**Description of the task**:
Quote all of the data exactly as given. Skip every picture it contains.

[Dataset records]

◇ ◇ ◇ ◇

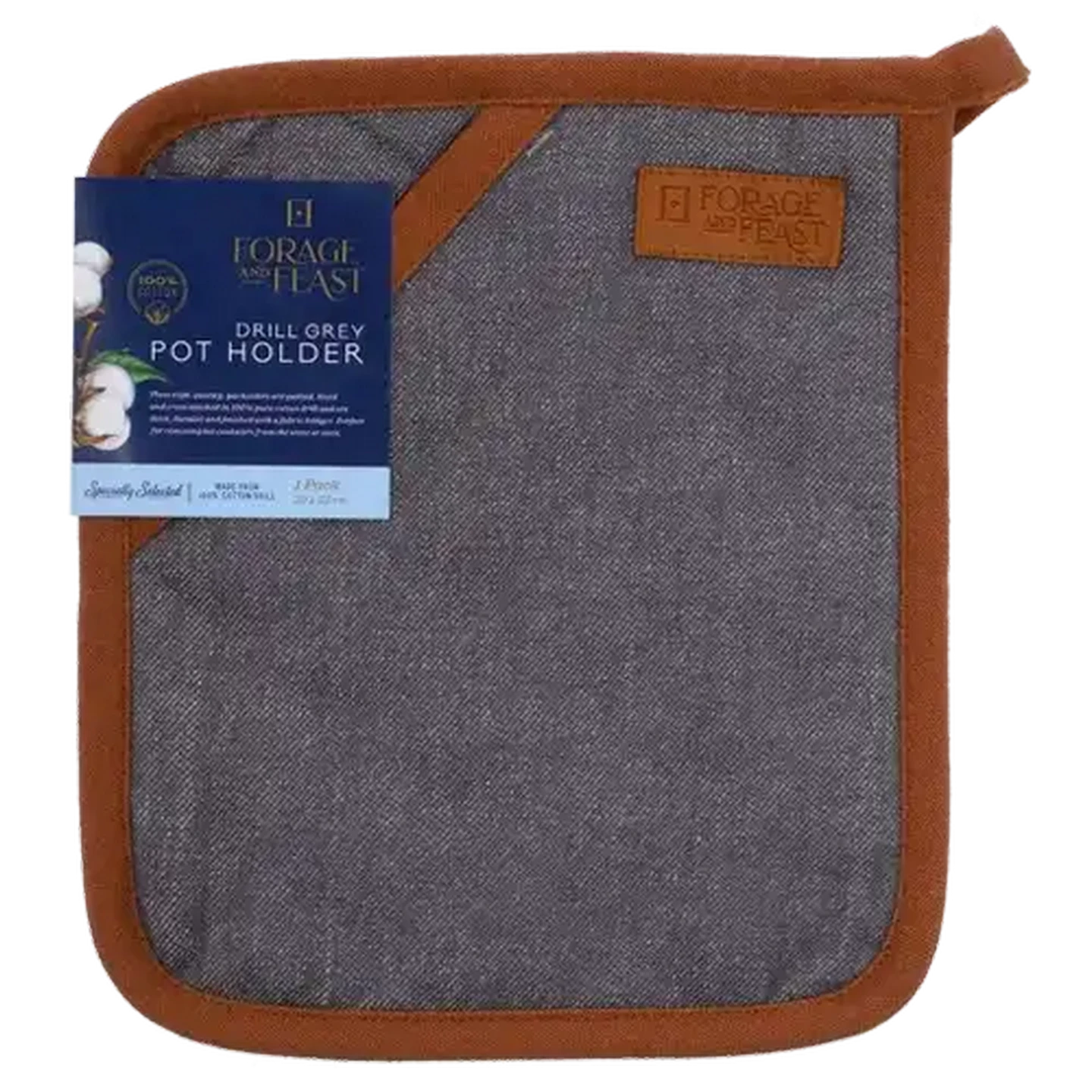 Image of Forage And Feast Grey Slub Pot Holder 20 x 23cm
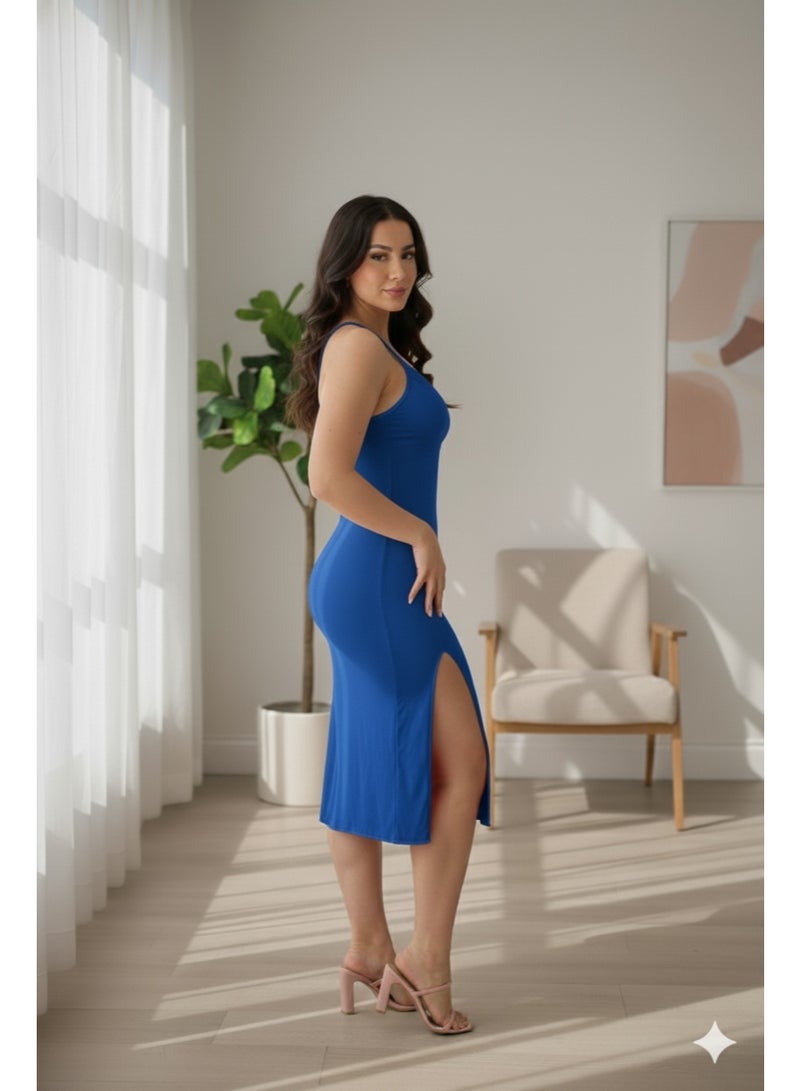 WARD Women's Long Lingerie Dress with Side Openings and Crisscross Neck Strap - Image 2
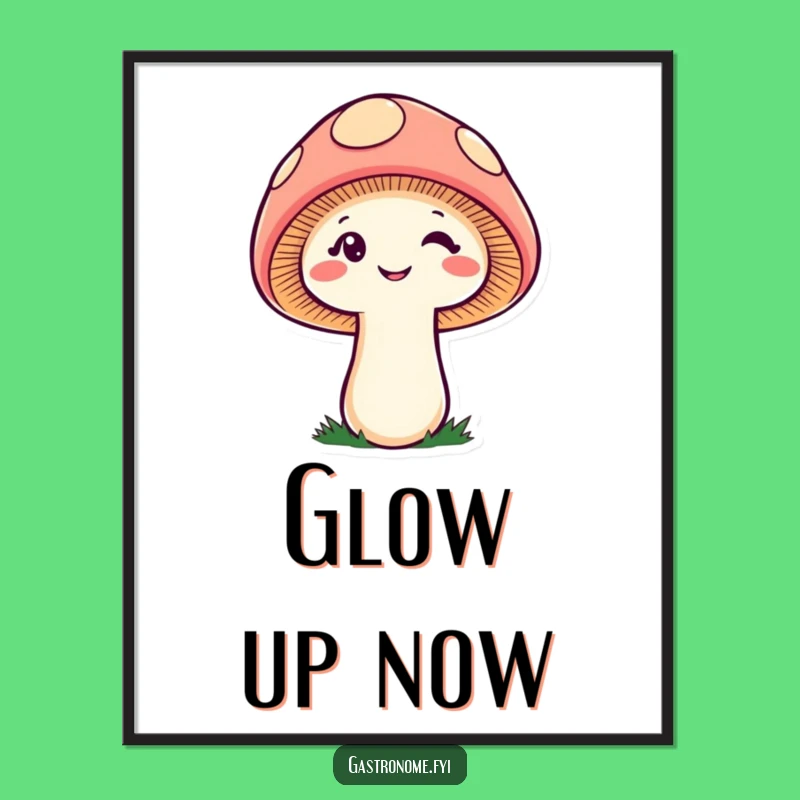 Funny Cheeky Mushroom Poster, Winking Fungi Wall Art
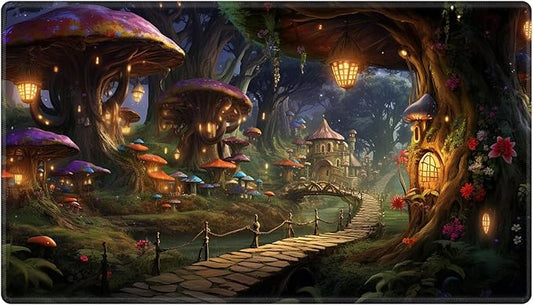 Card Playmat 70 x 40 cm Game Mats Tabletop Magic for MTG/TCG Cards, Trading Card Game Playing Stitched Commander Deck Gaming Desk Duel Mat Card Gameplay Mats, Forest Secret Elven Village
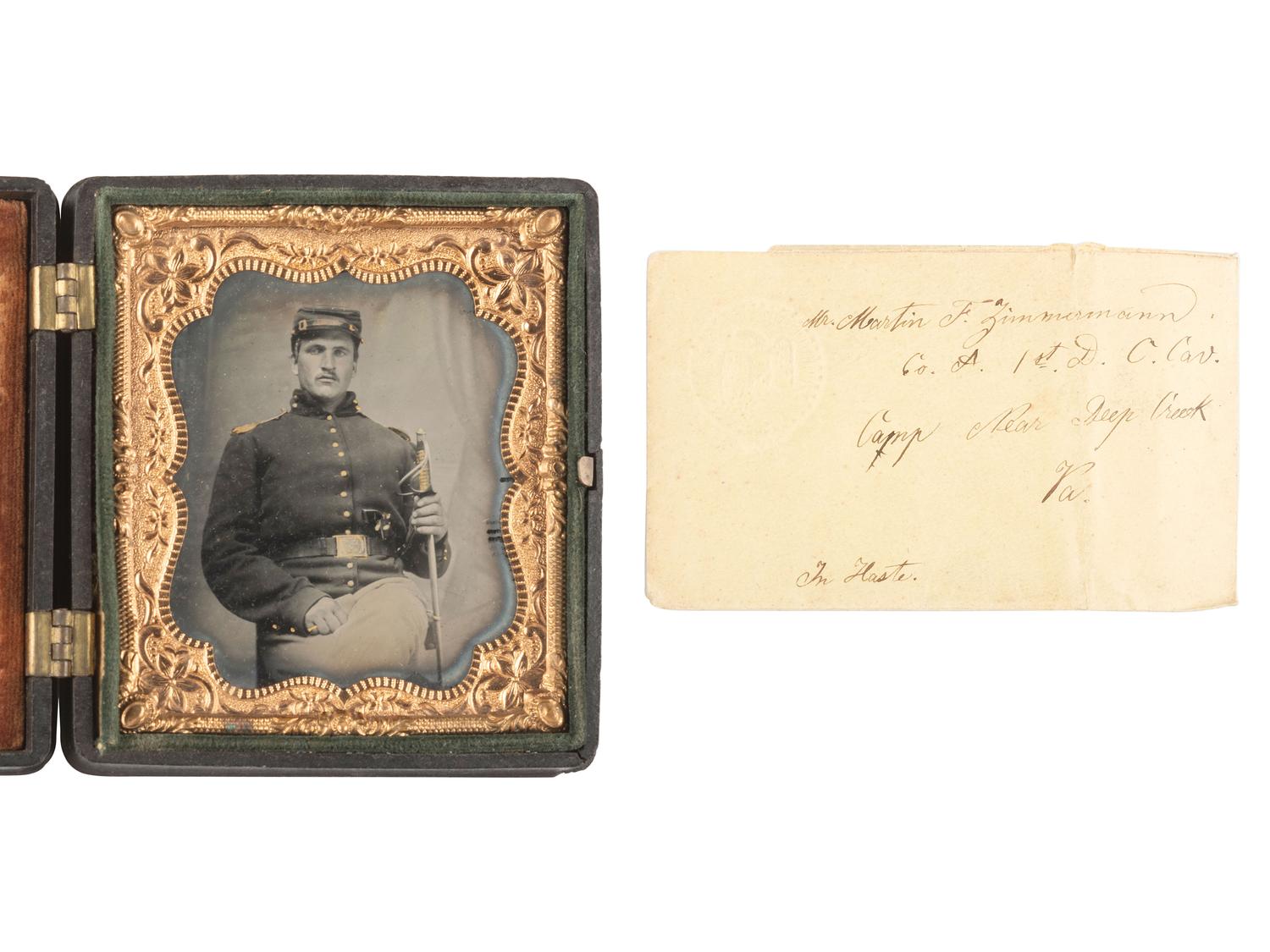 [CIVIL WAR]. 2 cased images of Union soldiers, incl. a trooper from District of Columbia, 1st Cav.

◇ ◇ ◇ ◇

**Expected answer**:
 Image of Forage And Feast Grey Slub Pot Holder 20 x 23cm
 WARD Women's Long Lingerie Dress with Side Openings and Crisscross Neck Strap - Image 2
 Funny Cheeky Mushroom Poster, Winking Fungi Wall Art
 Card Playmat 70 x 40 cm Game Mats Tabletop Magic for MTG/TCG Cards, Trading Card Game Playing Stitched Commander Deck Gaming Desk Duel Mat Card Gameplay Mats, Forest Secret Elven Village
 [CIVIL WAR]. 2 cased images of Union soldiers, incl. a trooper from District of Columbia, 1st Cav.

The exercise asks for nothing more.